You can stop the mutation run at any time and mutmut will restart where you left off. It’s also smart enough to retest only the surviving mutants when the test suite changes.

To print the results run mutmut results. It will give you output in the form of the commands to apply a mutation:

mutmut apply 3

You can just copy paste those lines and run and you’ll get the mutant on disk. You should REALLY have the file you mutate under source code control and committed before you mutate it!

Whitelisting

You can mark lines like this:

some_code_here()  # pragma: no mutate

to stop mutation on those lines. Some cases we’ve found where you need to whitelist lines are:

  • The version string on your library. You really shouldn’t have a test for this :P

  • Optimizing break instead of continue. The code runs fine when mutating break to continue, but it’s slower.

Example mutations

  • Integer literals are changed by adding 1. So 0 becomes 1, 5 becomes 6, etc.

  • < is changed to <=

  • break is changed to continue and vice versa

In general the idea is that the mutations should be as subtle as possible. See __init__.py for the full list.

Workflow

This section describes how to work with mutmut to enhance your test suite.

  1. Run mutmut with mutmut run. A full run is preferred but if you’re just getting started you can exit in the middle and start working with what you have found so far.

  2. Apply a surviving mutant to disk by copying and running the apply command from the output of mutmut results.

  3. Write a new test that fails

  4. Revert the mutant on disk

  5. Rerun the new test to see that it now passes

  6. Go back to point 2.

Mutmut keeps a result cache in .mutmut-cache so if you want to make sure you run a full mutmut run just delete this file.

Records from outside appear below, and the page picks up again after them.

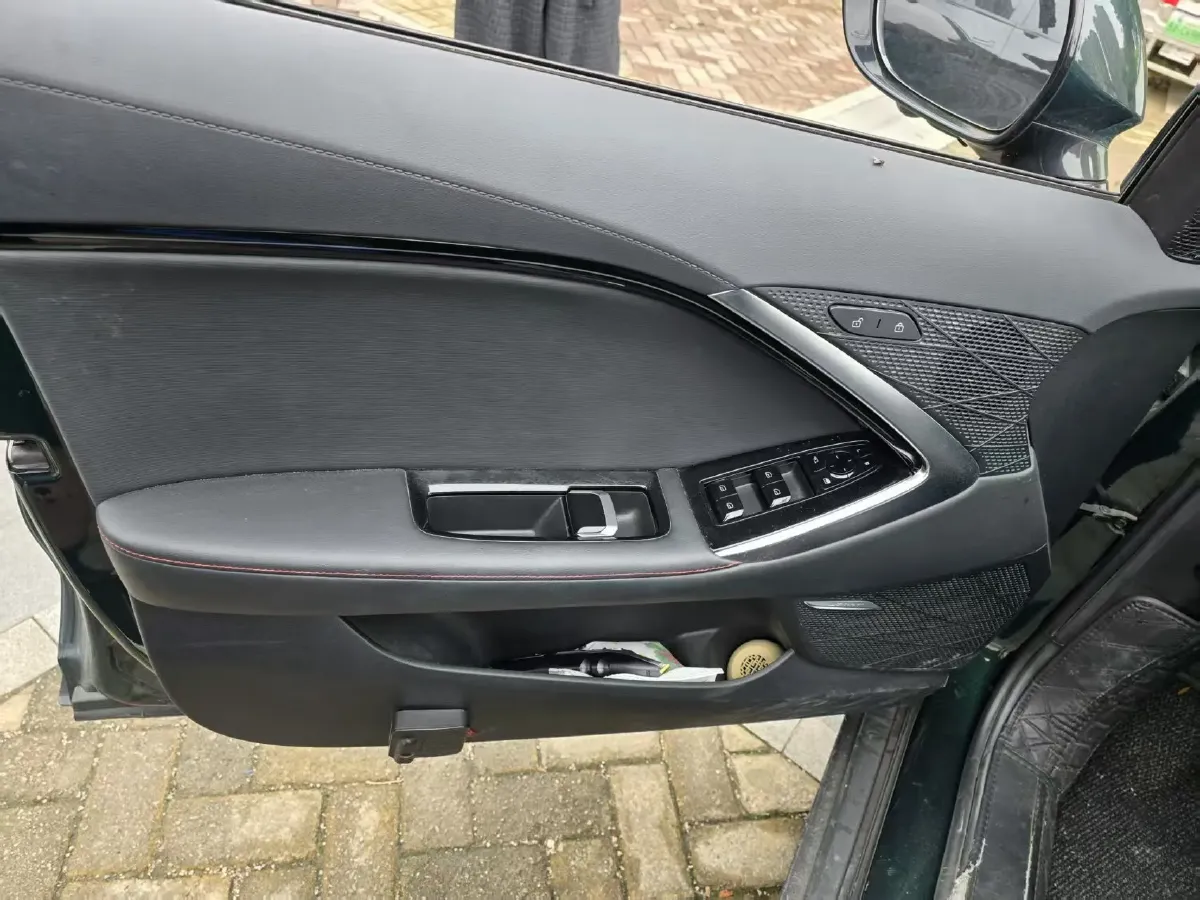 2023 MG 7 2.0T 261HP L4 9AT,autocango,china used car exporter,china ev exporter,chinese used car exporter,chinese used ev exporter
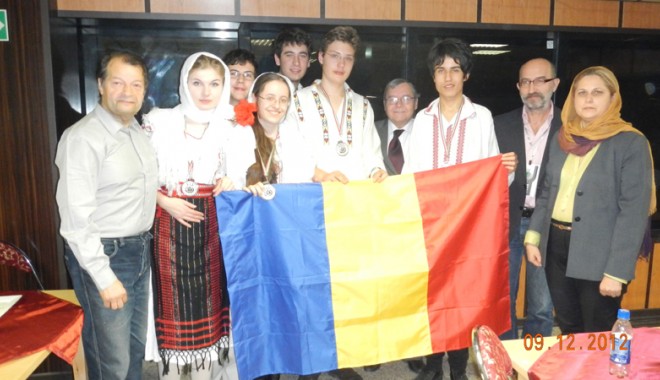 Constănțeanca Diana Catană a obținut medalia de argint - dianasiechipaj-1355244870.jpg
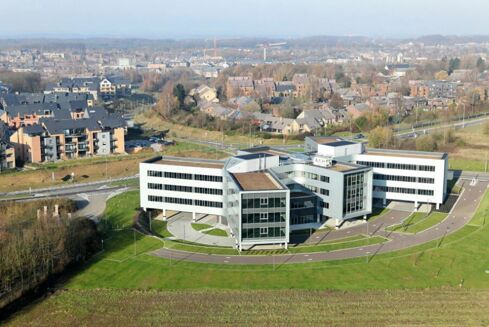 Picture of 300 - 5,521 sqm Office EAGLE HOUSE, for rent.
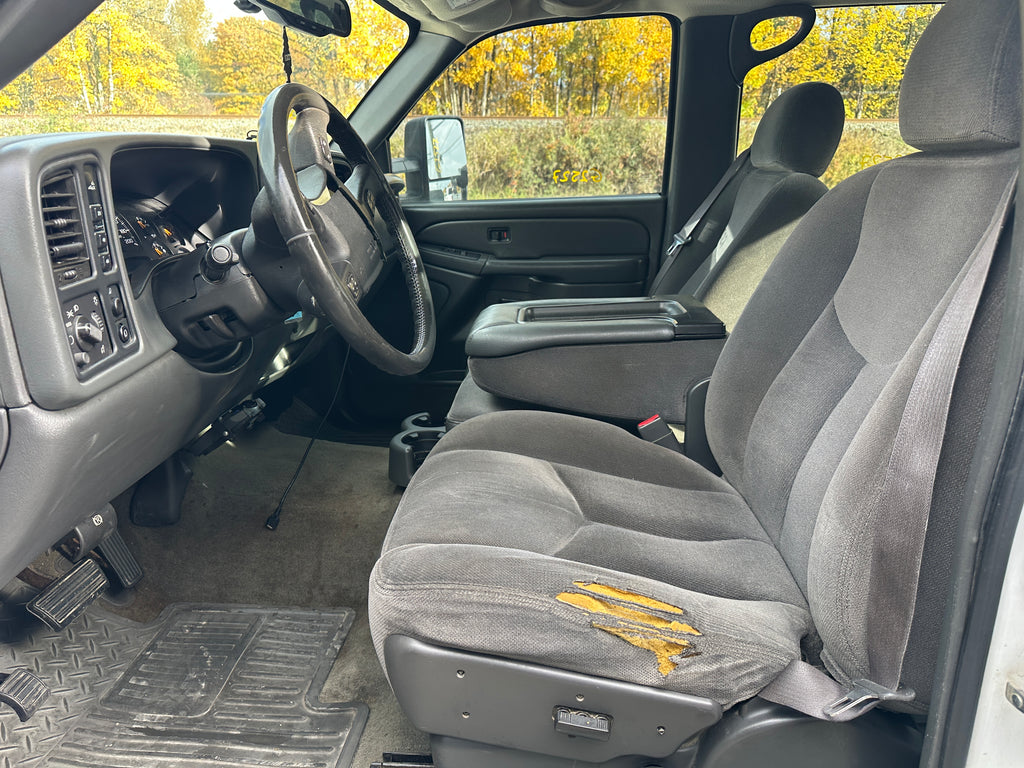 2004 GMC Sierra K2500HD 6.6 LLY Duramax – G2527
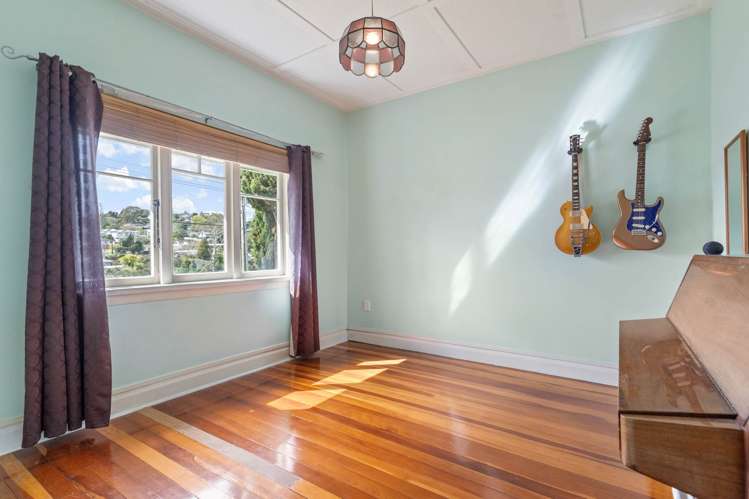 107 Glendale Road_5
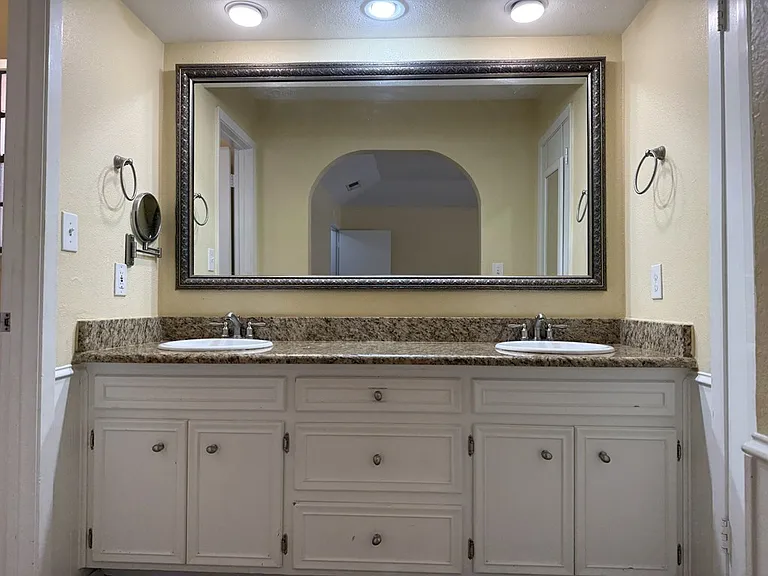 4211 Russell Dr — Photo 15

You can also tell mutmut to just check a single mutant:

> mutmut run 3

JUnit XML support

In order to better integrate with CI/CD systems, mutmut supports the generation of a JUnit XML report (using https://pypi.org/project/junit-xml/). This option is available by calling mutmut junitxml. In order to define how to deal with suspicious and untested mutants, you can use mutmut junitxml –suspicious-policy=ignore –untested-policy=ignore. The possible values for these policies are:

  • ignore: Do not include the results on the report at all

  • skipped: Include the mutant on the report as “skipped”

  • error: Include the mutant on the report as “error”

  • failure: Include the mutant on the report as “failure”

If a failed mutant is included in the report, then the unified diff of the mutant will also be included for debugging purposes.